Task goal ▸ From the records below, please print only the lines from the one containing "Carte postale Panier" through the one containing "eSIM Самоа — БЕЗЛИМИТ, 7 дней — интернет", both included. Skip the pictures.

Records to process ▸
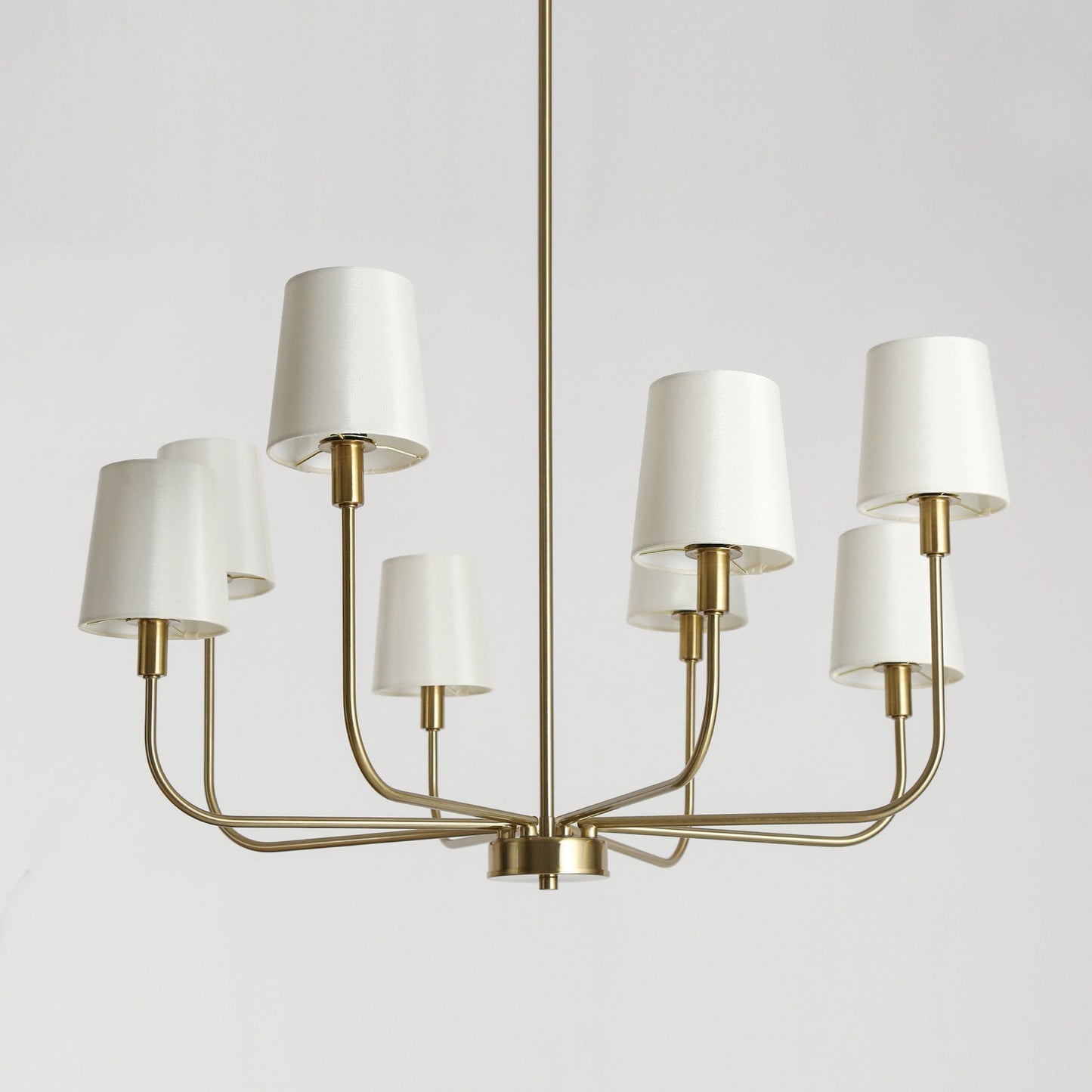 Hilbert Chandelier - Modern 8-Light Brass Chandelier with White Fabric Shades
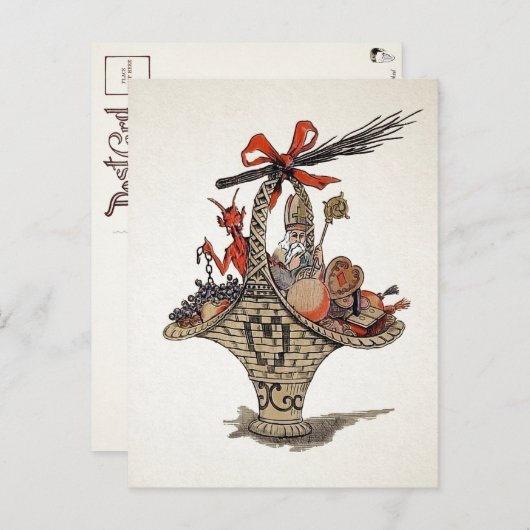 Carte postale Panier cadeau Krampus et Père Noël v (Devant / Derrière)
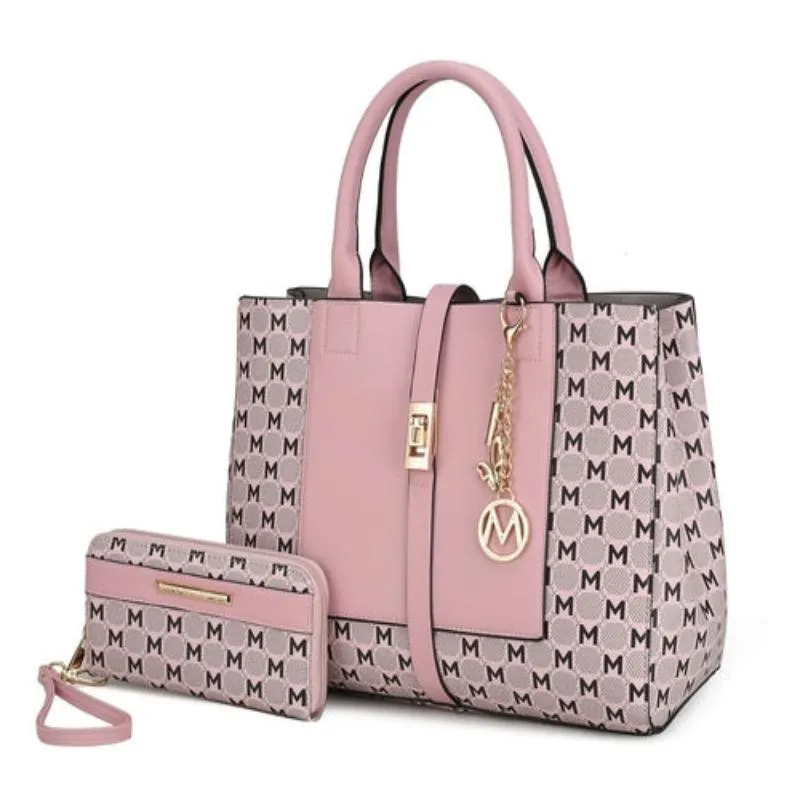 Yuliana Circular M emblem Print Satchel Bag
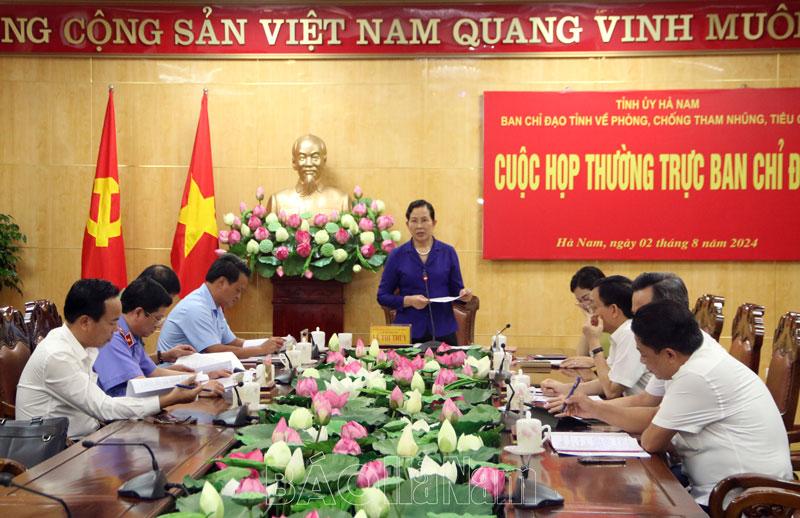 Thường trực Ban Chỉ đạo tỉnh về phòng chống tham nhũng, tiêu cực triển khai nhiệm vụ trọng tâm trong thời gian tới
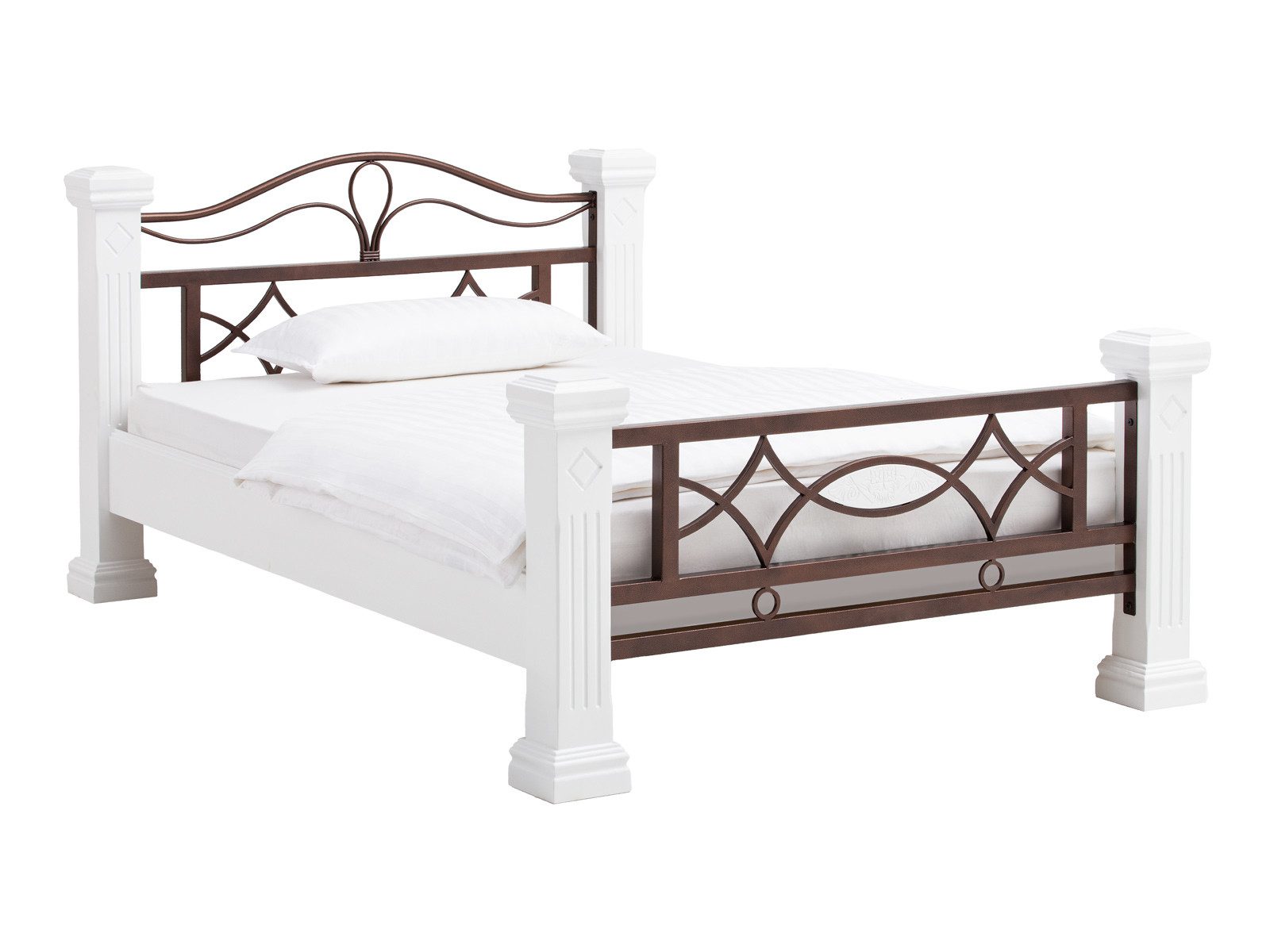 massivum Massivholzbett Byzanz, Metall Holz weiß, Doppelbett günstig online kaufen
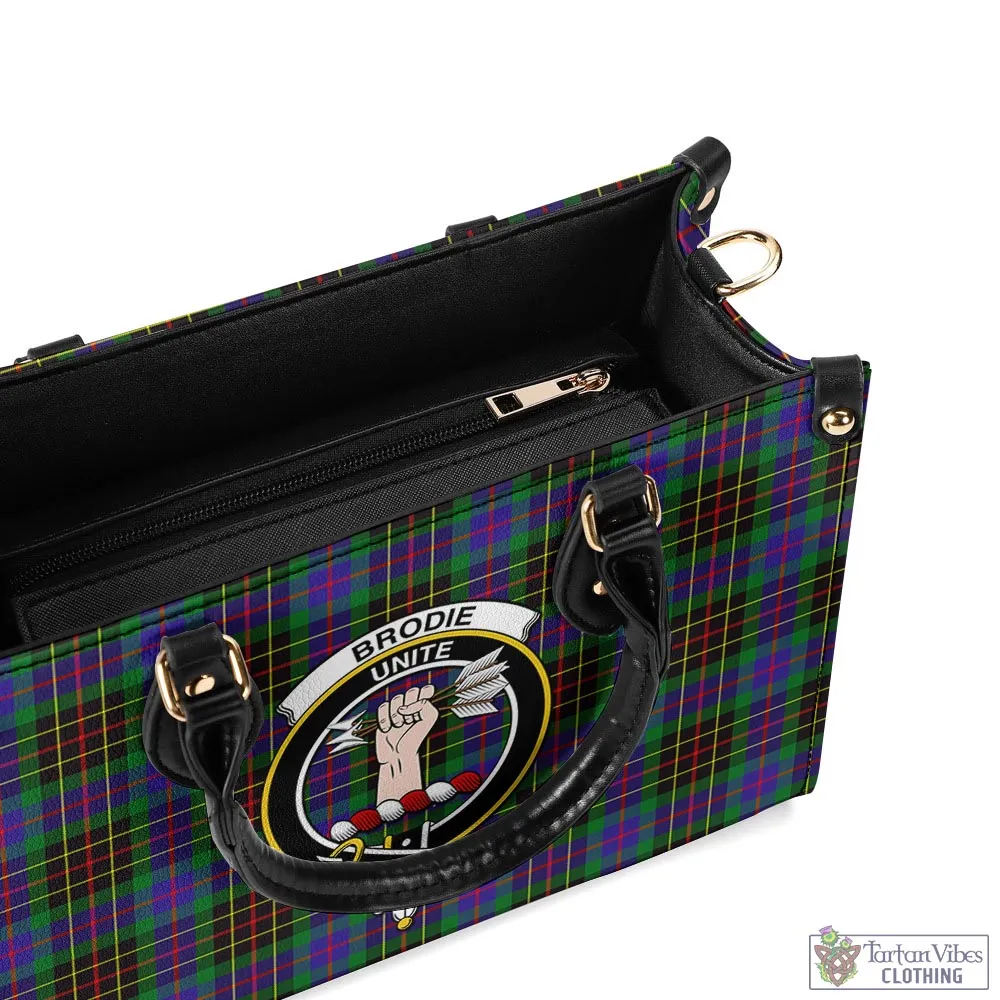 Brodie Hunting Modern Tartan Luxury Leather Handbags with Family Crest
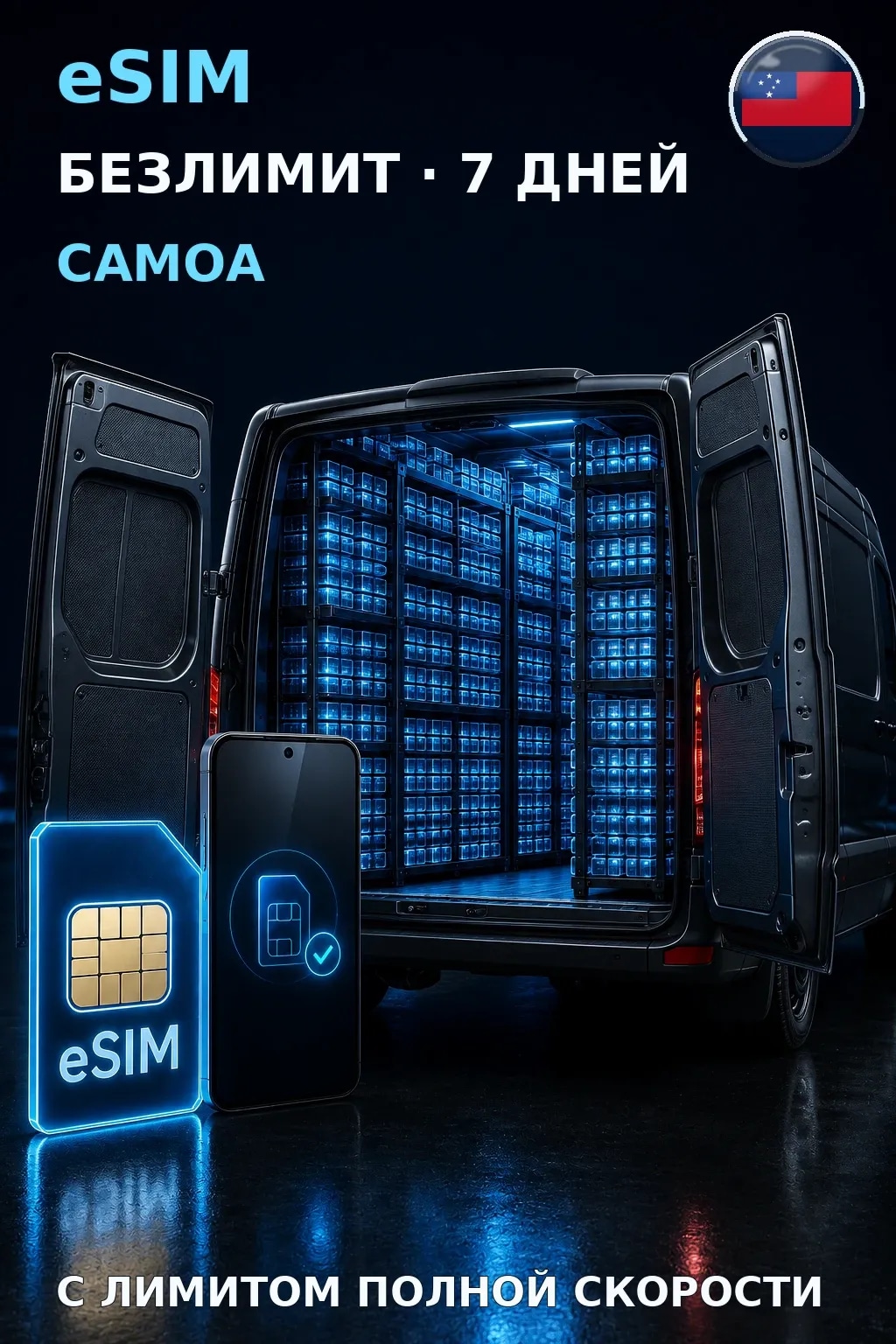 eSIM Самоа — БЕЗЛИМИТ, 7 дней — интернет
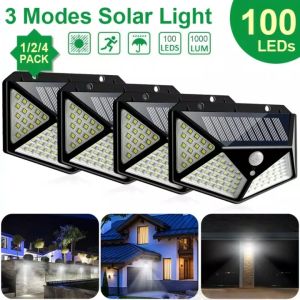 Solar Lights Outdoor 100 LEDs 3 Adjustment Modes Wireless Motion Sensor Light  Waterproof Solar Power Wall lamp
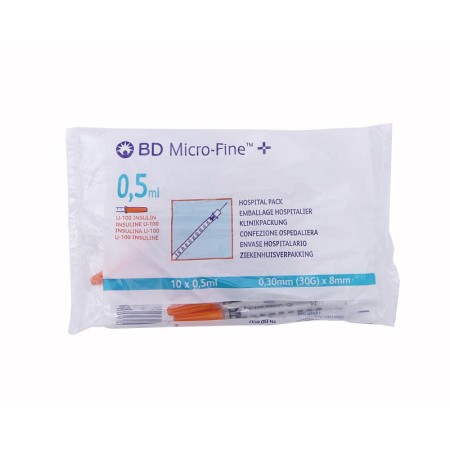 Bd mikrofinom fecskendő 0,5ml - 8mm - 30g - 324827 - csomag 300 db.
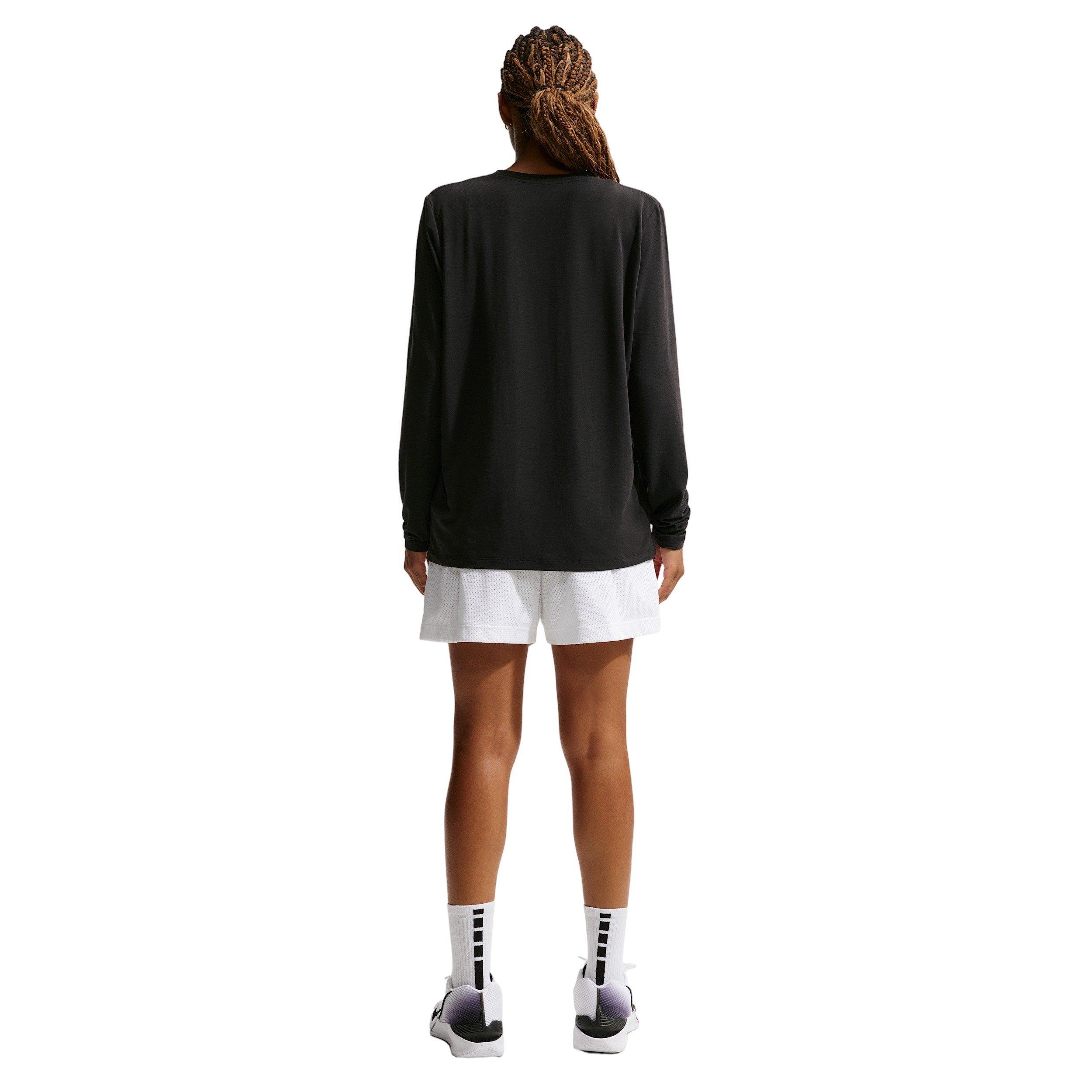 Nike Women's Dri-FIT Long-Sleeve Warm-Up Basketball Top - Black - BLACK Thumbnail View 4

Solution to the problem ▸
 Carte postale Panier cadeau Krampus et Père Noël v (Devant / Derrière)
 Yuliana Circular M emblem Print Satchel Bag
 Thường trực Ban Chỉ đạo tỉnh về phòng chống tham nhũng, tiêu cực triển khai nhiệm vụ trọng tâm trong thời gian tới
 massivum Massivholzbett Byzanz, Metall Holz weiß, Doppelbett günstig online kaufen
 Brodie Hunting Modern Tartan Luxury Leather Handbags with Family Crest
 eSIM Самоа — БЕЗЛИМИТ, 7 дней — интернет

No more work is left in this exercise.